Framing the Decision Correctly
The implication is not that every saver should immediately convert their cash holdings into equity investments. That would be a crude misreading of what the maths actually shows. Emergency funds belong in accessible accounts. Short-term savings — money needed within one to three years for a specific purpose — should not be placed in volatile assets that may be worth less at the moment they are needed. These are well-established principles of personal finance planning, not caveats to be dismissed.
The implication is narrower and more specific: money that has no near-term purpose, held in low-rate accounts for years or decades because the account holder has not yet decided what to do with it, is not sitting safely. It is eroding. The decision not to invest is itself a financial decision, and it carries a cost that is just as real as the risk of a portfolio decline — it simply does not look like a loss on any statement.
Longer time horizon
Money not required for three years or more has time to absorb short-term market volatility while pursuing a real return above inflation. The longer the horizon, the stronger the historical case for equities over cash.
Shorter time horizon
Money needed within one to two years should remain in accessible cash, with the focus shifted to finding the best available savings rate rather than accepting the default from an incumbent bank.
The ISA wrapper
Stocks and Shares ISAs allow equity investment up to £20,000 per year with all returns — capital growth and dividends — sheltered from UK income and capital gains tax. The wrapper does not eliminate volatility, but it removes a significant tax drag on long-term returns.
Switch your cash account
For money that genuinely belongs in cash, the gap between the best and worst available easy-access rates can exceed 2.5 percentage points. At current average savings rates, the difference on a £10,000 balance represents over £250 per year — more than a negative real return requires.

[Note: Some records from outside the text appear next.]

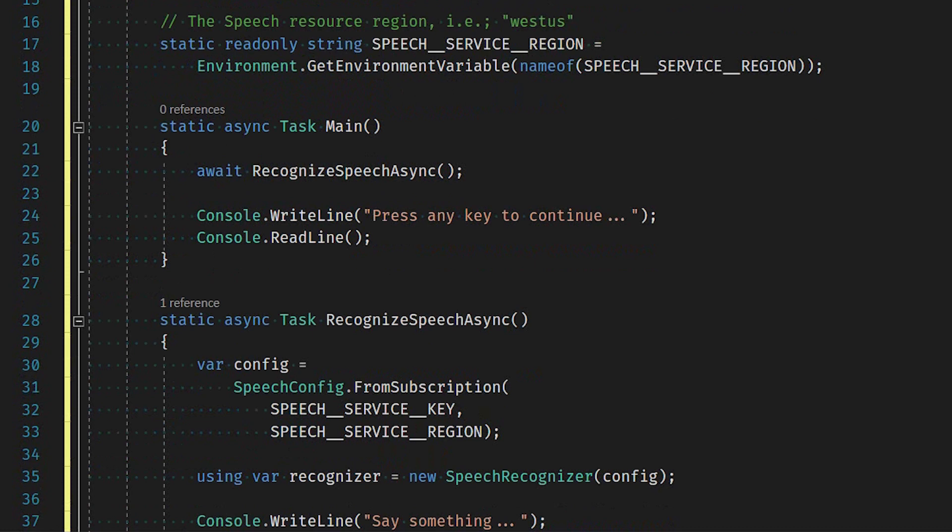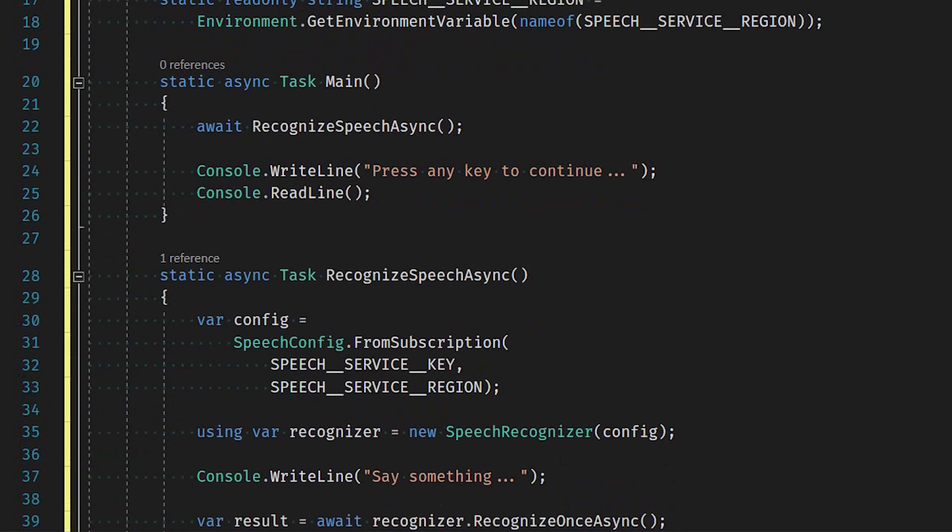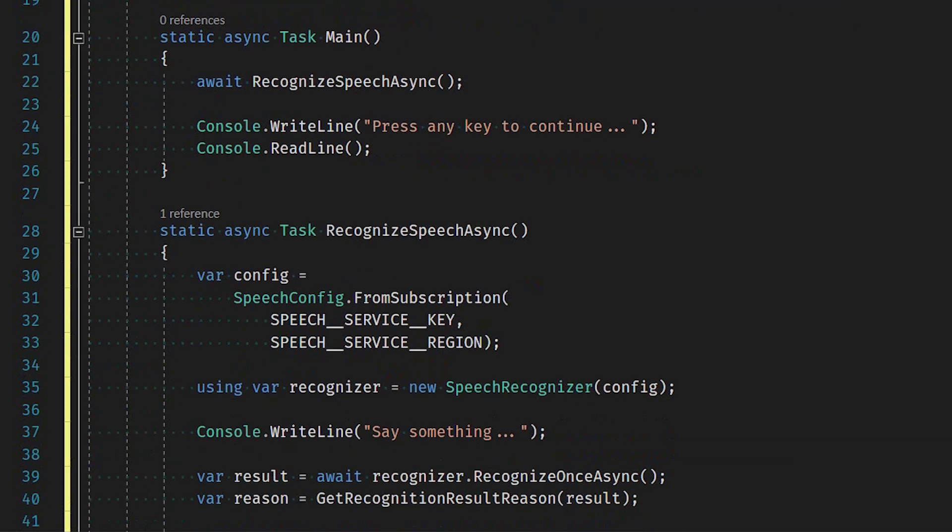The Recognizer object implements the IDisposable interface. As such, it should be disposed of when it is no longer being used. With C-Sharp 8, we can simplify the using with a using declaration.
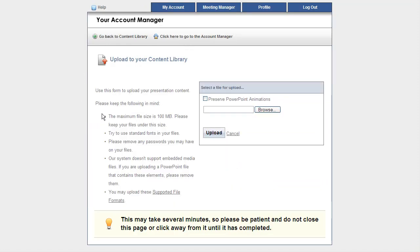Now there are several things to think about when uploading a file. First off, the maximum size is 100 megabytes. Try to use standard fonts if it's a PowerPoint file. Please remove any passwords from the PowerPoint file, and remove any sort of embedded content that you have.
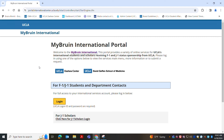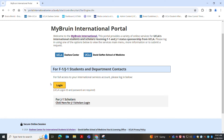Hey International Bruins, this is the main landing page that appears once you enter the myBruin International portal. From this landing page you will log in with your UCLA credentials depending on your role — whether you're an F1 or J1 student, a department contact, or a J1 scholar. For the demonstration of this video we're going to log in as if we were an F1 student.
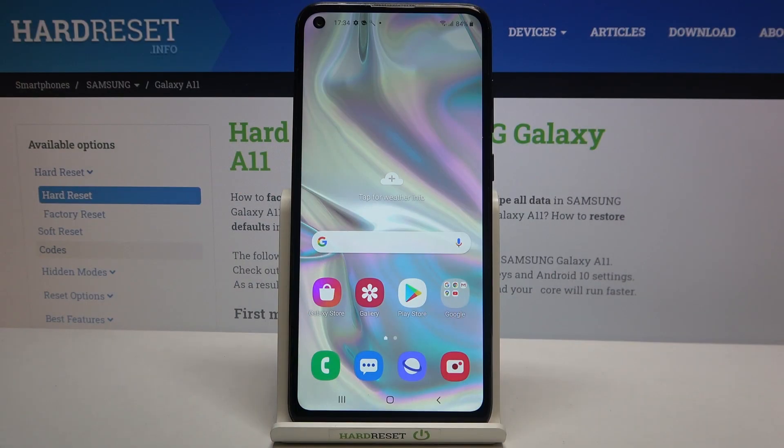Hi everyone! Here we've got the Samsung Galaxy A11 and let me share with you how to allow unknown sources on this device.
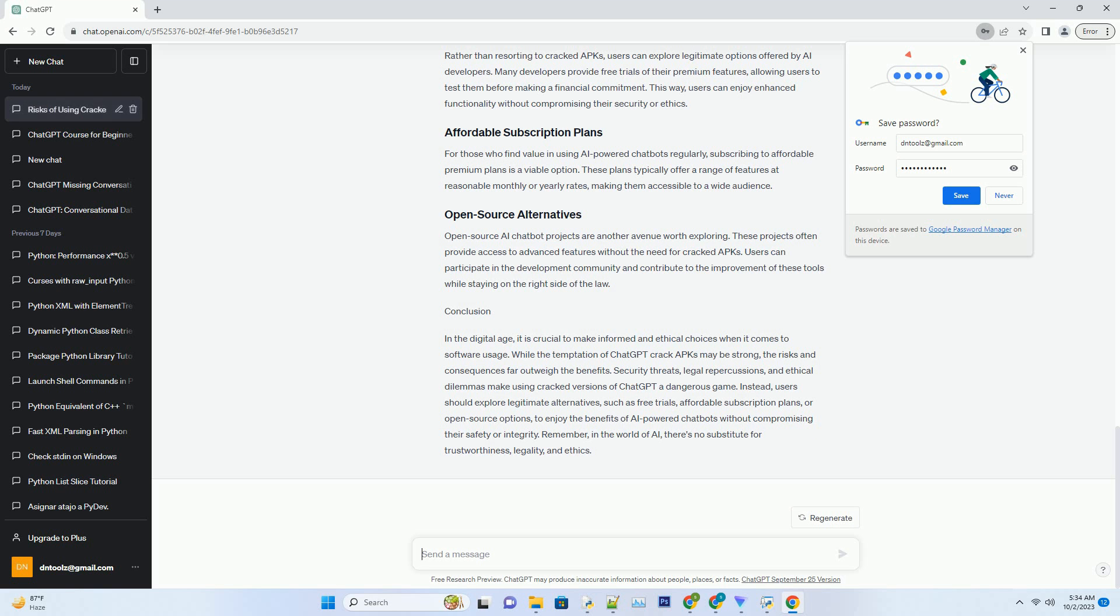Legitimate AI developers continually update their applications to enhance performance, security, and features. When users opt for cracked APKs, they miss out on these crucial updates. This leaves them vulnerable to security vulnerabilities and deprives them of the latest improvements, ultimately hindering their overall experience with the chatbot. Additionally, users of cracked APKs have no access to customer support, leaving them on their own when issues arise.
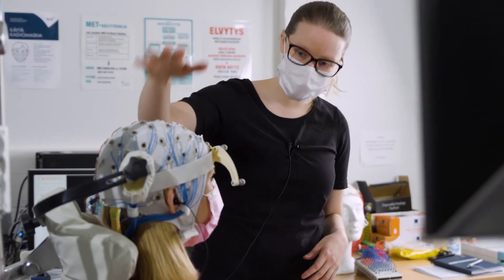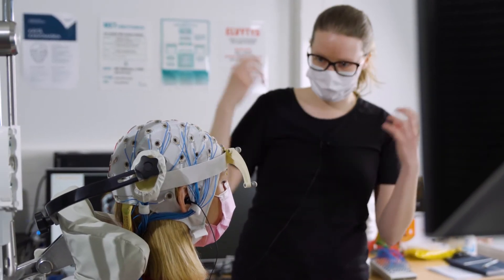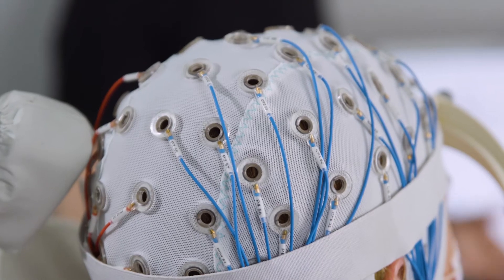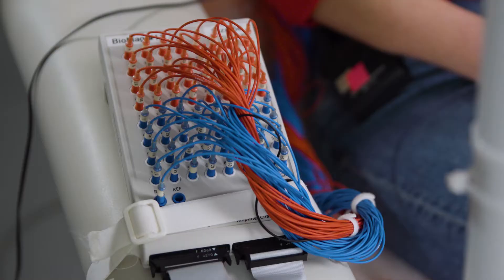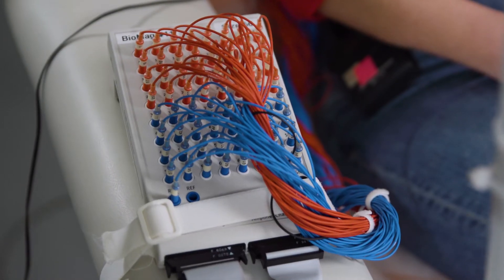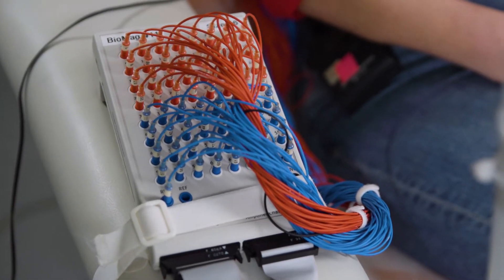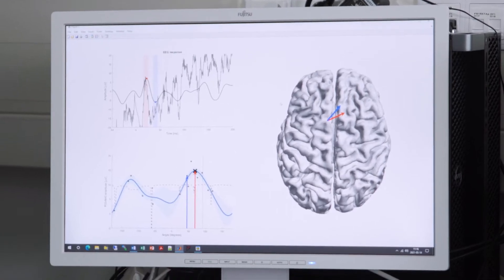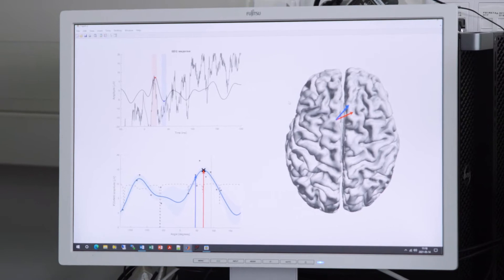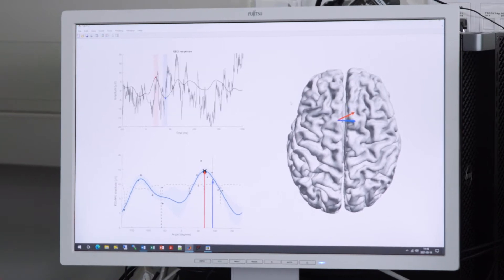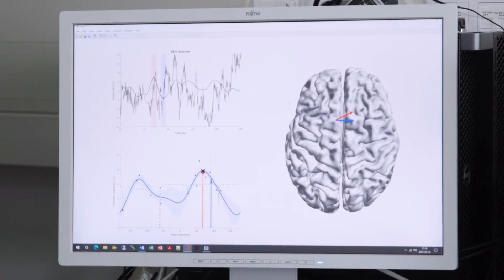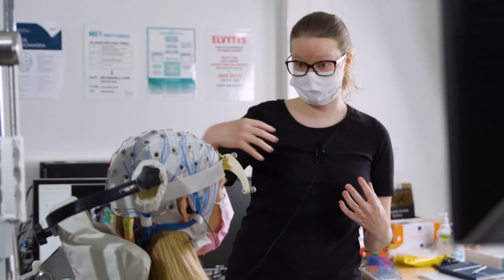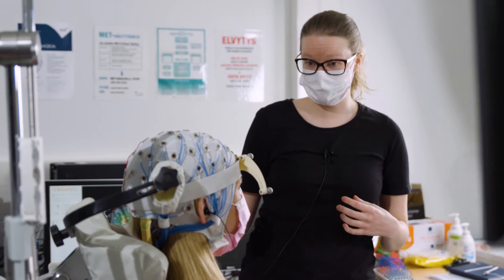We have placed the EEG cap on your head and attached it to the EEG — electroencephalographic — device that measures your brain activity. When we stimulate, it measures what happens right after the pulse.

The UK savings landscape of 2022 to 2026 offers an unusually clear case study in the cost of monetary passivity. It was not a period of financial crisis, stock market collapse, or economic catastrophe — it was simply a period in which prices rose faster than the default return on money in a standard account. That combination is not unusual in the historical record. It is, in fact, more common than its opposite. The 2010s — a decade of near-zero interest rates and subdued inflation — were the anomaly, not the norm. The recent experience is a return to a more historically typical relationship between cash and inflation, one in which holding money without a purpose has a measurable cost.
The argument for investment is not that markets always go up, or that risk can be eliminated, or that any particular asset class is the right choice for every individual. It is simply this: doing nothing is not neutral. In a world where prices rise over time, the question is never whether to accept risk — it is which risk to accept. The invisible, steady erosion of purchasing power or the visible, temporary volatility of a diversified portfolio. That is the real choice on the table, and understanding it clearly is the first step to making it deliberately.